Data to examine
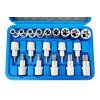 Sada hlavic TRX - 1/2" (19 dílná)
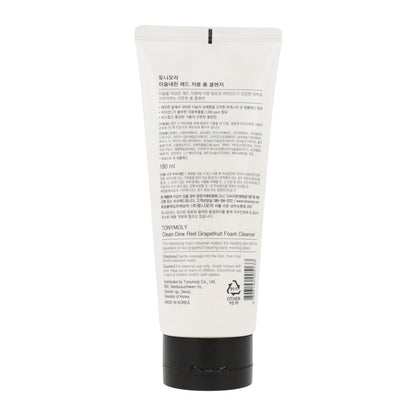 TONYMOLY Clean Dew Foam Cleanser 180ml (5 Types) - Dodoskin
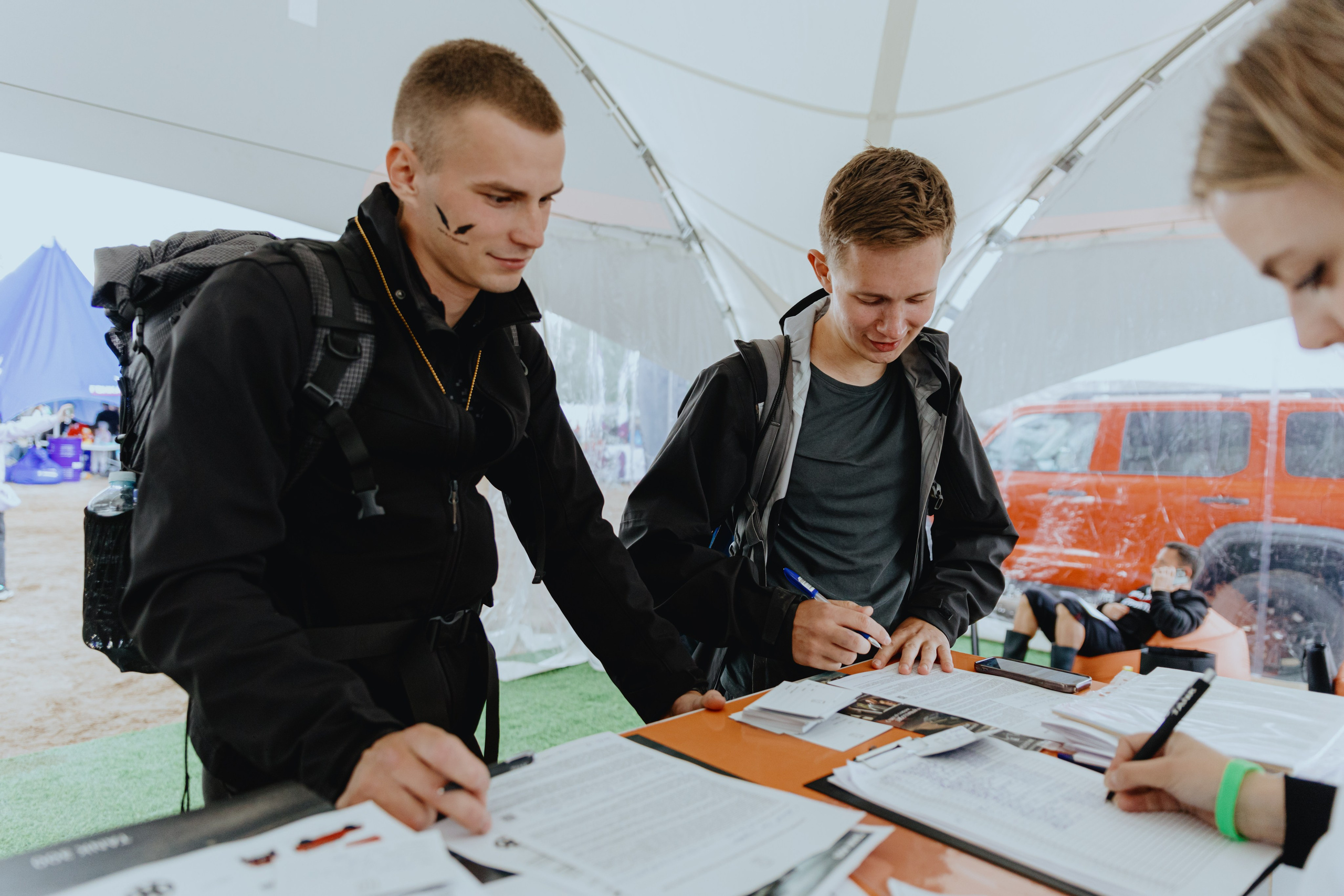 TANK на «Гонке Героев». Фотограф в Москве и Санкт-Петербурге Дарина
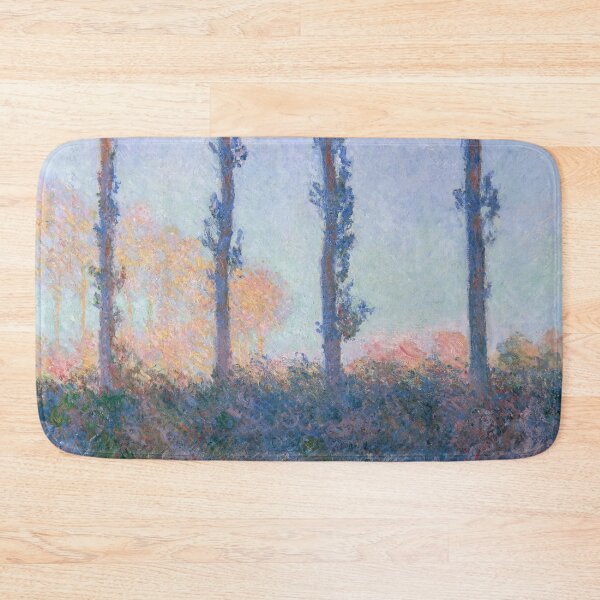 Item preview, The Four Trees by Claude Monet designed and sold by VintageArchive.
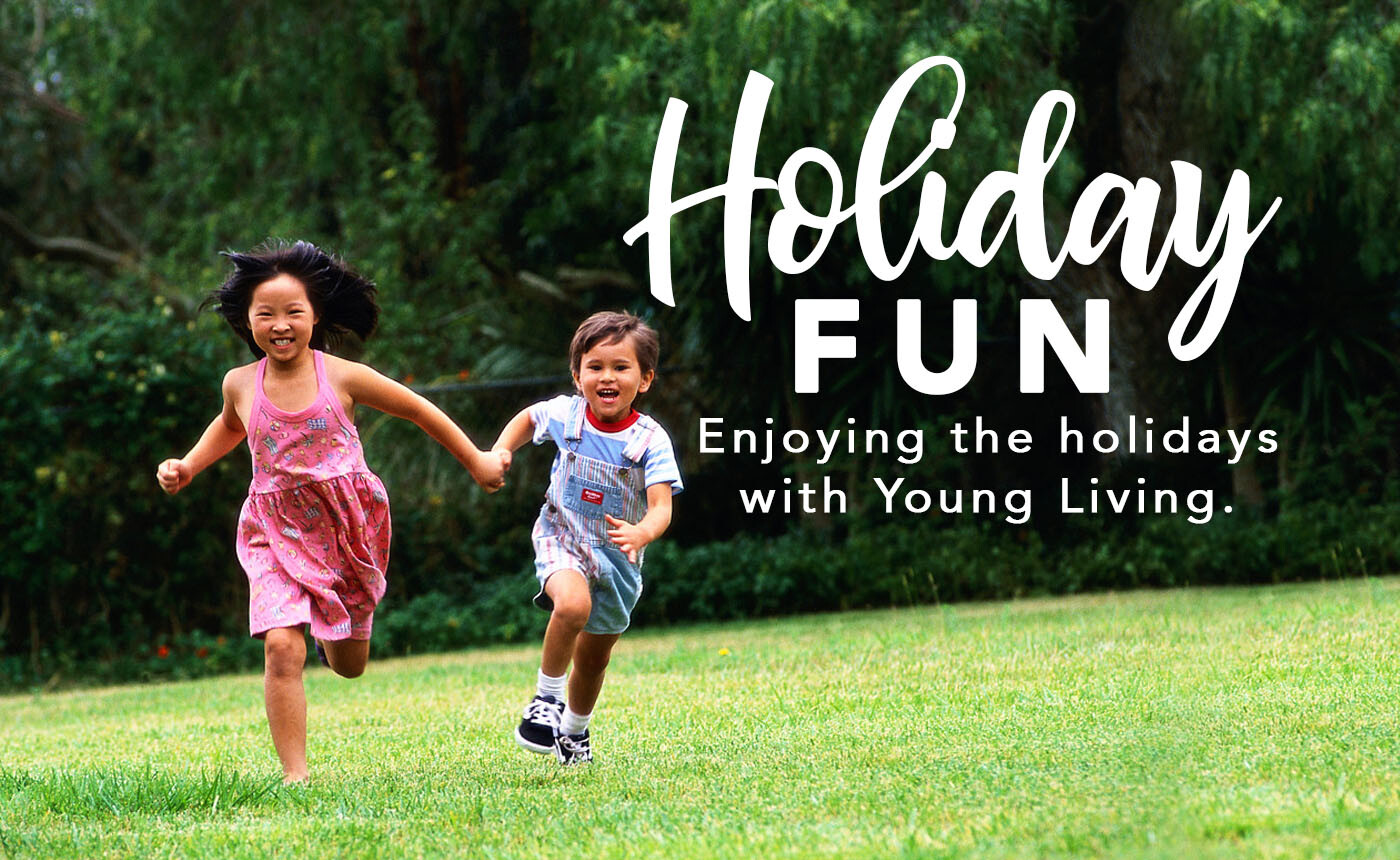FUN TIME FOR KIDS WITH YOUNG LIVING PRODUCTS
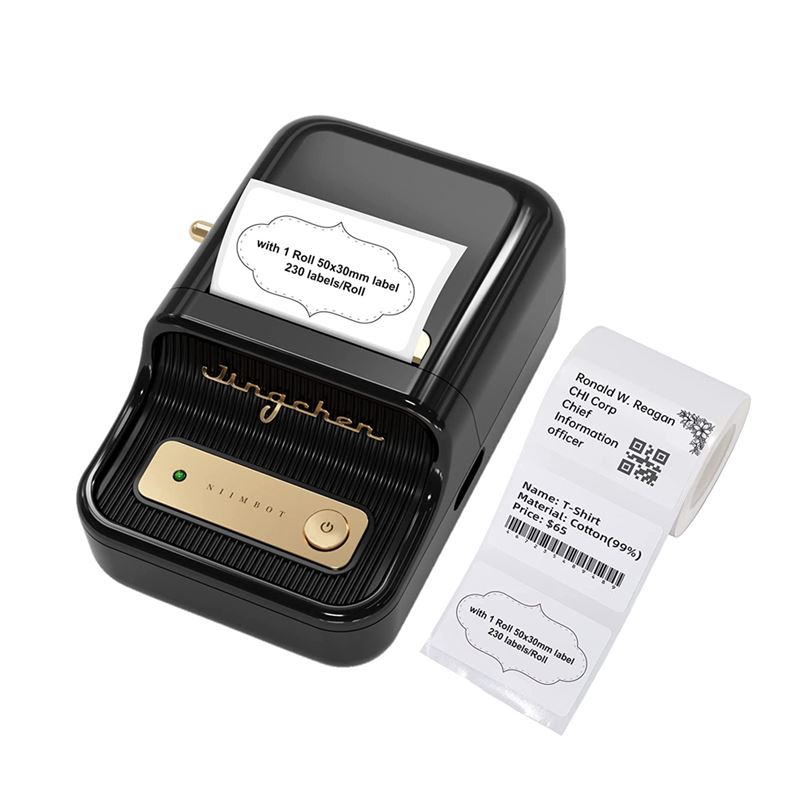 پرینتر لیبل زن حرارتی NIIMBOT مدل B21 سایز 2 اینچ - 8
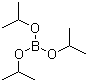 硼酸三异丙酯分子结构 (CAS 5419-55-6)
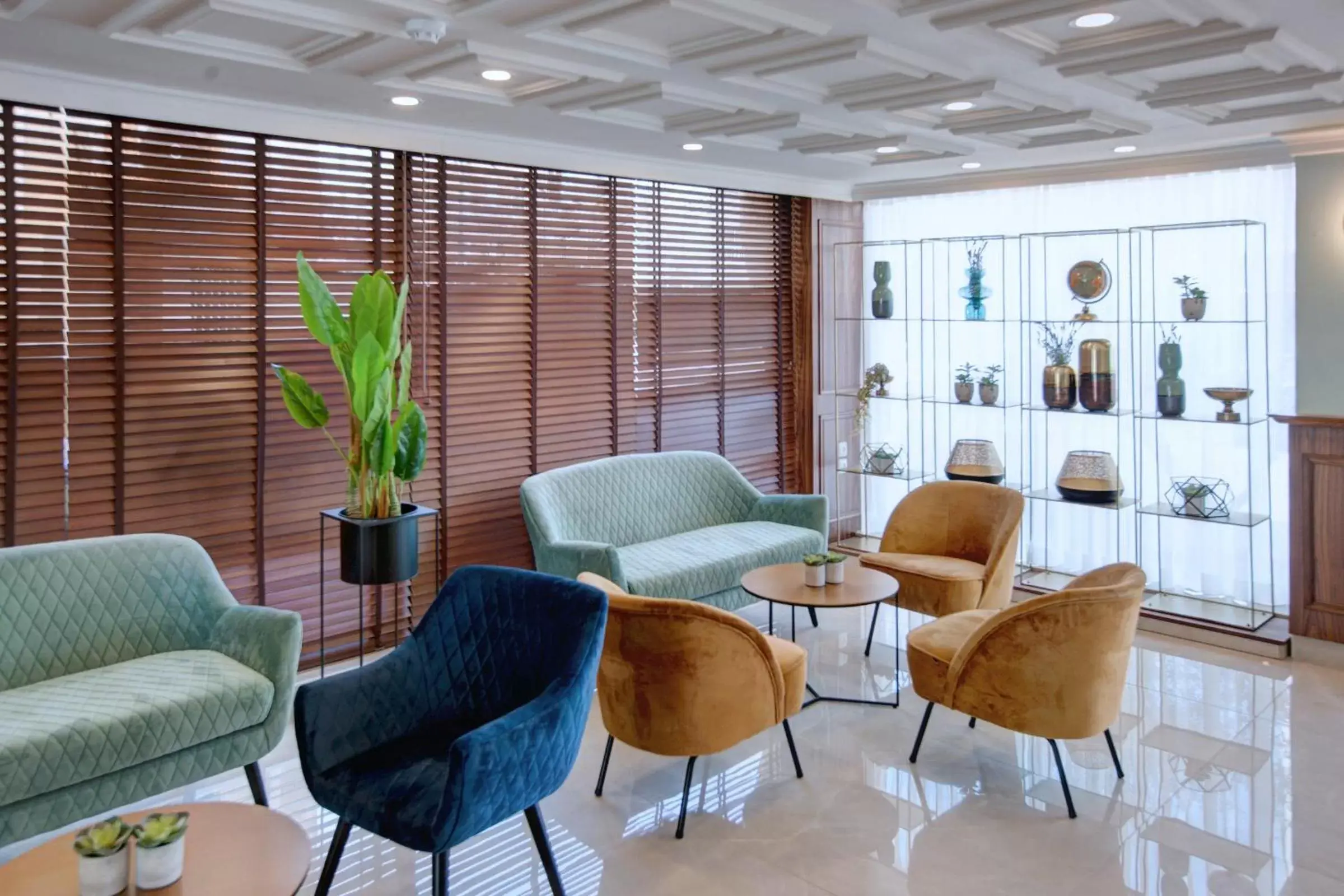 Living room in Armon Hayarkon Hotel Living room in Armon Hayarkon Hotel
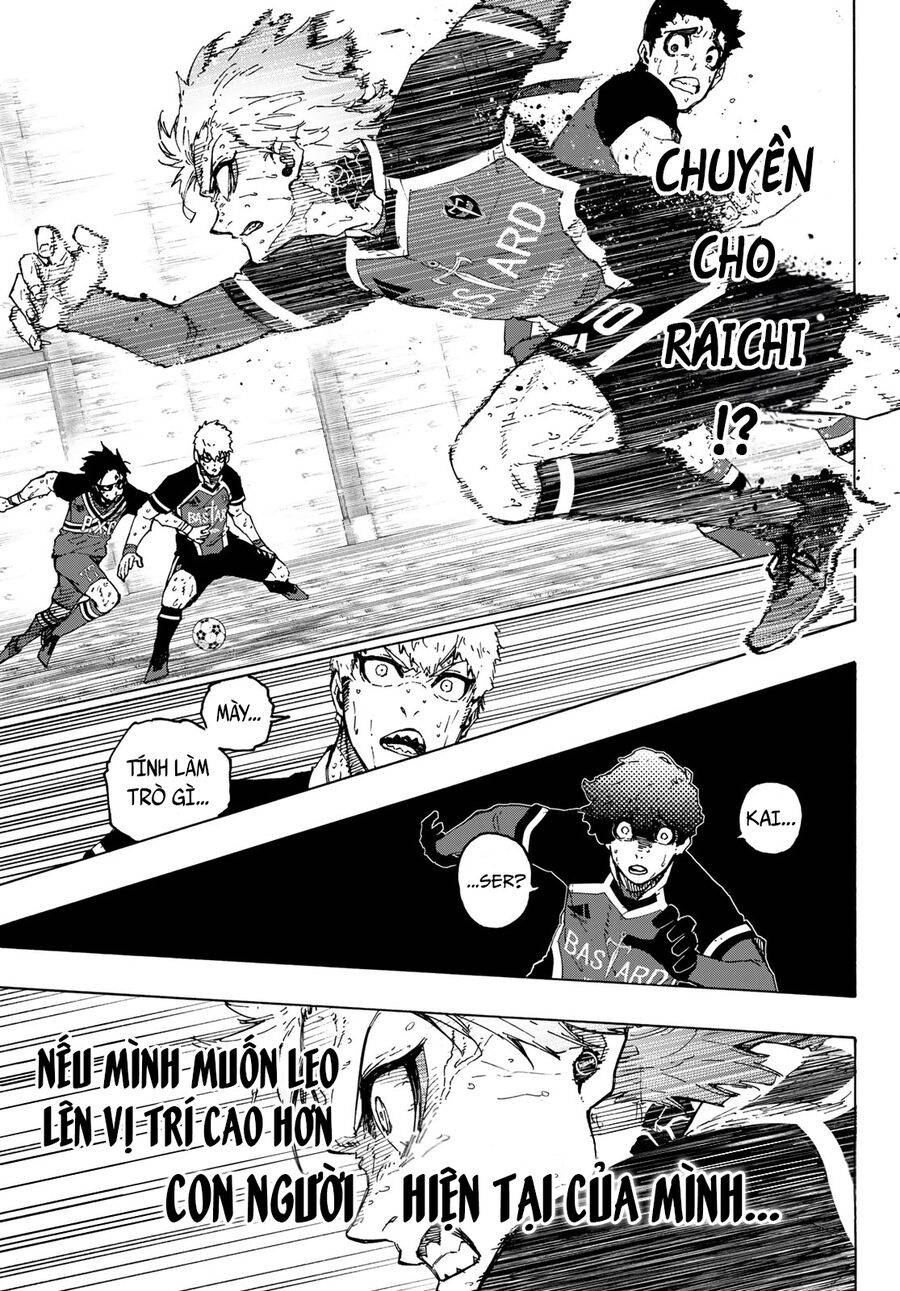 Thiên Tài Bóng Đá, Tiền Đạo Số 1: Chapter 263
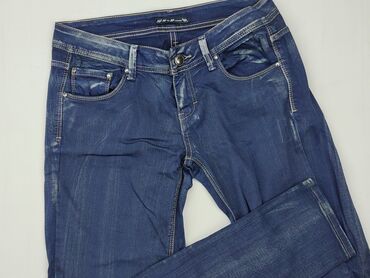 straight blue jeans: Jeansy, XL, stan - Dobry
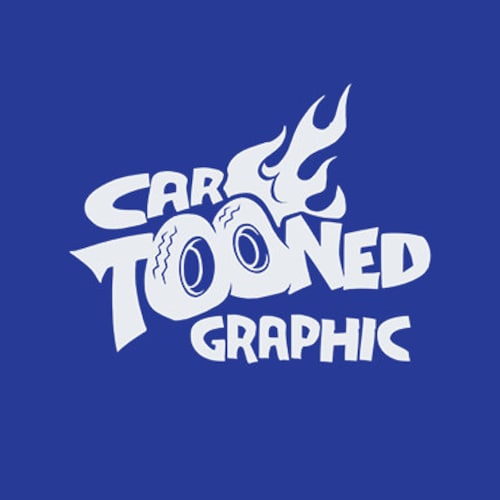 Cartoonedgraphic store logo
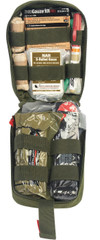 North American Rescue Tactical Operator Response Kit - TORK - Advanced with Chito Gauze - OD Green Thumbnail Image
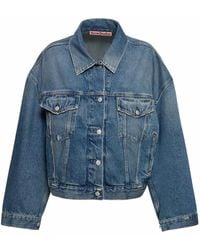 Acne Studios - Denim Jackets - Lyst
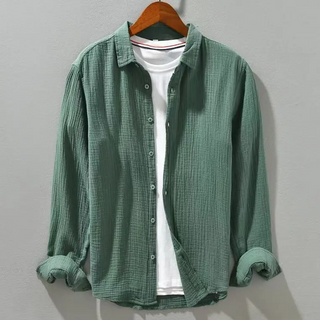 Mathis | Chemise en coton doux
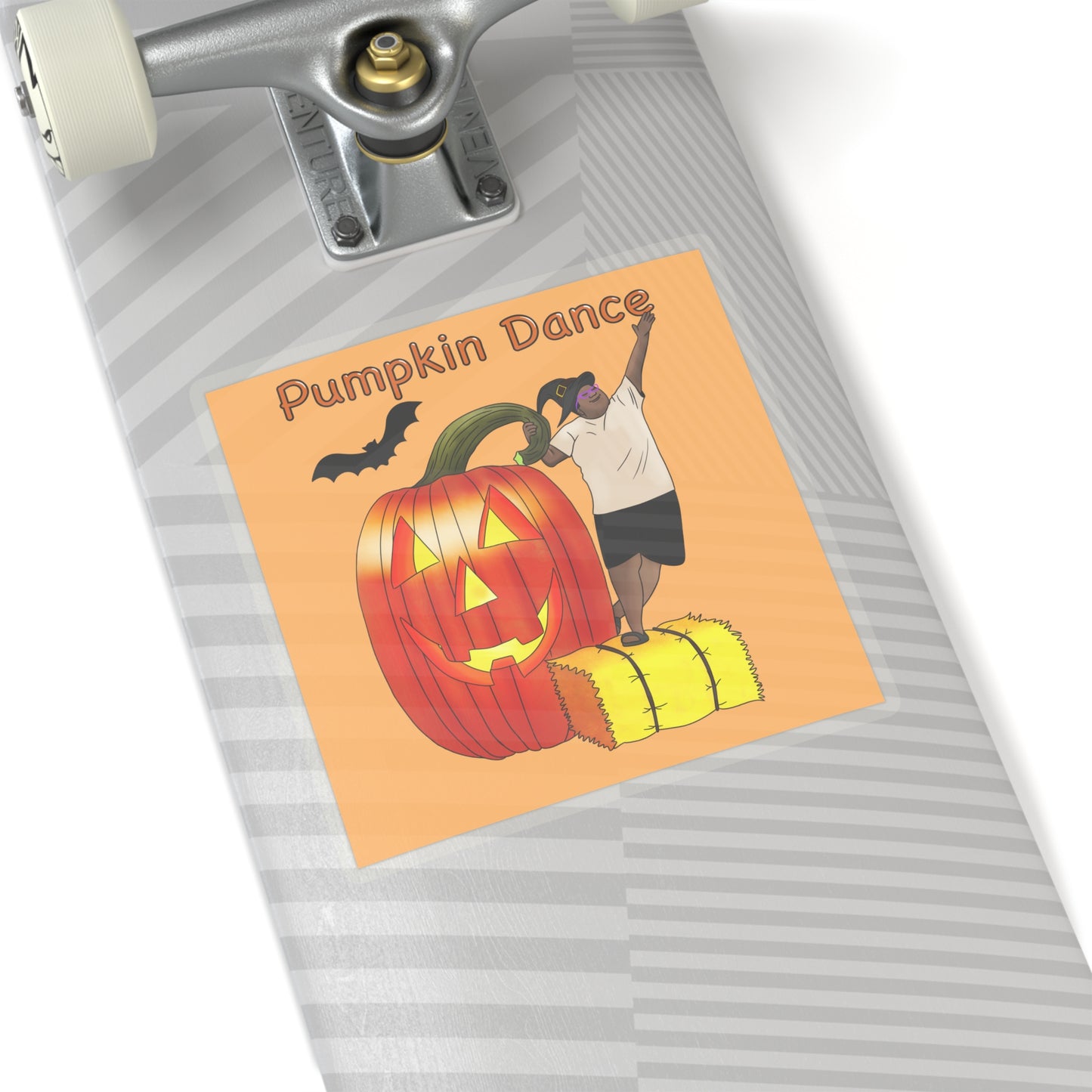 Pumpkin Dance MG Sticker (Halloween Version)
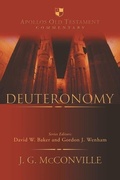 Cover: Deuteronomy - Apollos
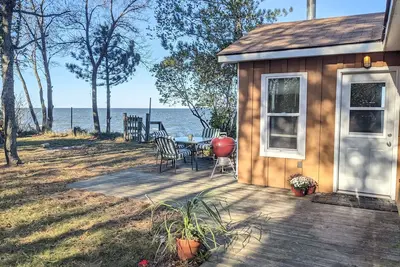 Image de Sunset Cliff Cottage-pacifique et Serene-perché sur un 35 'Cliff-à couper le souffle Vues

Task requirements
Print nothing but the lines above starting with the line that contains "TONYMOLY Clean Dew" and going on through the line that contains "FUN TIME FOR KIDS WITH YOUNG LIVING PRODUCTS". Leave out the pictures.

Task response
 TONYMOLY Clean Dew Foam Cleanser 180ml (5 Types) - Dodoskin
 TANK на «Гонке Героев». Фотограф в Москве и Санкт-Петербурге Дарина
 Item preview, The Four Trees by Claude Monet designed and sold by VintageArchive.
FUN TIME FOR KIDS WITH YOUNG LIVING PRODUCTS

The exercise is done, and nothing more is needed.